---- Records

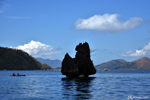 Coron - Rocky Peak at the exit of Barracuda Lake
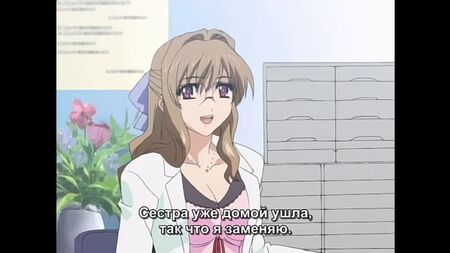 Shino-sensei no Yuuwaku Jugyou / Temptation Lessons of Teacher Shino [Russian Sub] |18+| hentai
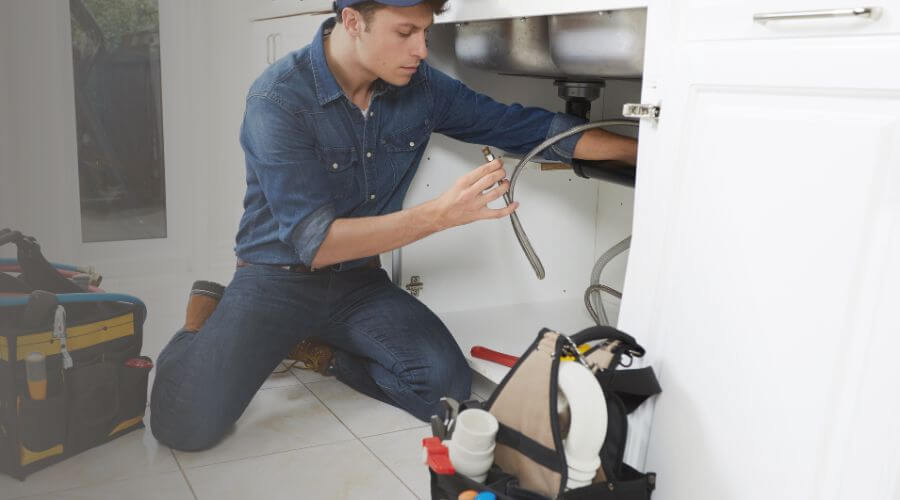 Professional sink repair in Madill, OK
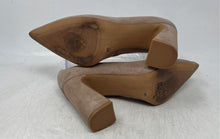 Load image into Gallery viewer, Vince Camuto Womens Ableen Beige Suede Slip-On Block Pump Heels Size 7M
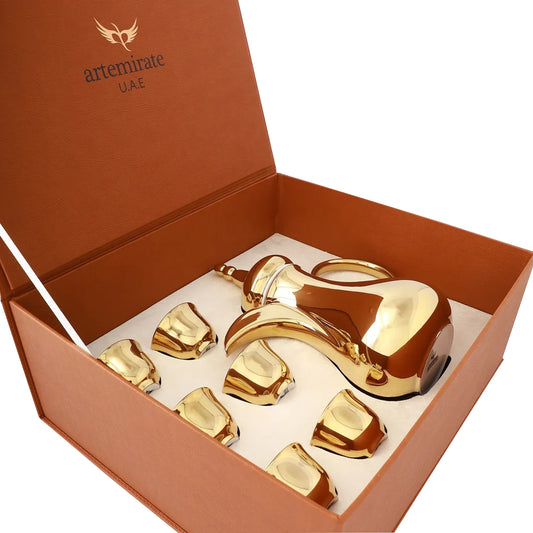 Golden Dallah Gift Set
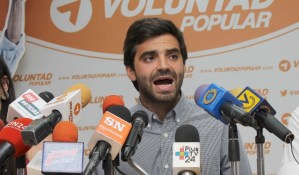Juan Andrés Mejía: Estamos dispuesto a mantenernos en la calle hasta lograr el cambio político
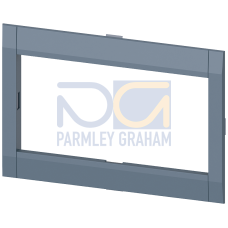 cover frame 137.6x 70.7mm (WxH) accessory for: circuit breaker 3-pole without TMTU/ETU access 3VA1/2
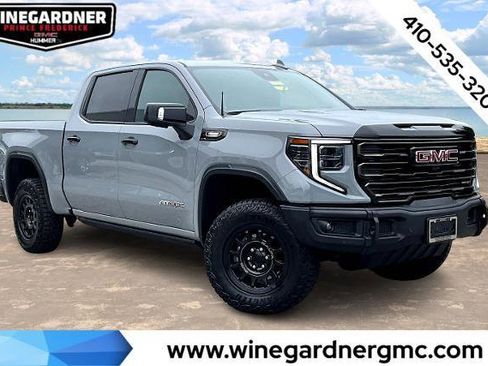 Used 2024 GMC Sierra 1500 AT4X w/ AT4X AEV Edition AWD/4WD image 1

--------

▶ Action item
Only an exact copy of the lines from the top of the entries through the line with "Load image into", both included, should be given, with all pictures omitted.

▶ Response to the task
 Coron - Rocky Peak at the exit of Barracuda Lake
 Shino-sensei no Yuuwaku Jugyou / Temptation Lessons of Teacher Shino [Russian Sub] |18+| hentai
 Professional sink repair in Madill, OK
 Load image into Gallery viewer, Vince Camuto Womens Ableen Beige Suede Slip-On Block Pump Heels Size 7M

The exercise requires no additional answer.